As with any project, it takes planning to pull off a successful downsize, and one can begin before finding the new, improved, smaller housing model.
• Thin out clothes, shoes, linens, excess furnishings.
• Envision smaller rooms similar to what you have now. The new living room, for example, might be the size of your guest bedroom.
• List items that you think you cannot live without. Check off how many times you use each one over a month or two months. Re-think that list.
• Pass along things you’ll never need again like ladders, lawn mower, weed eater.
• List things for sale on Craigslist, place things in a consignment store or donate.
• One room at a time, take out everything, putting back only what you use regularly or seasonally.
• Measure furniture you intend to move and figure room space and square footage.
• Use this as a great opportunity to bless others with things they have admired, family heirlooms and more, because you will have less storage space. And, after all, what’s the point in storing something when someone else can love using it?
• Look at closet and storage systems which maximize space utility.
• For furniture, consider Murphy beds, ottomans with storage, wall tables and ironing boards and double duty chairs, desks and end tables.

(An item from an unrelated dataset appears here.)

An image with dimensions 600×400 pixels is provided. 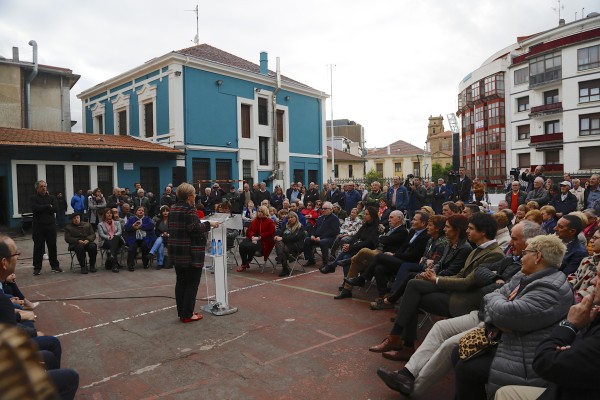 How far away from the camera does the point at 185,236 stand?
5.61m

Mrs. Jacobs has cleared out two truckloads of accumulation and continues downsizing room by room. She is not buying anything new and is deciding what to take [though she has not yet decided where in the NRV she is going]. Definitely not the formal dining room set. But maybe one of those old pairs of her late husband’s boots still in the garage. Not the 40-cup coffeemaker. Maybe just one of the computers. Lucy Williams, her brother and their families have only begun the process of sorting through the items remaining in her mother’s home.
All along the way, remember the definition of “stuff” ~ something that has weight and takes up space.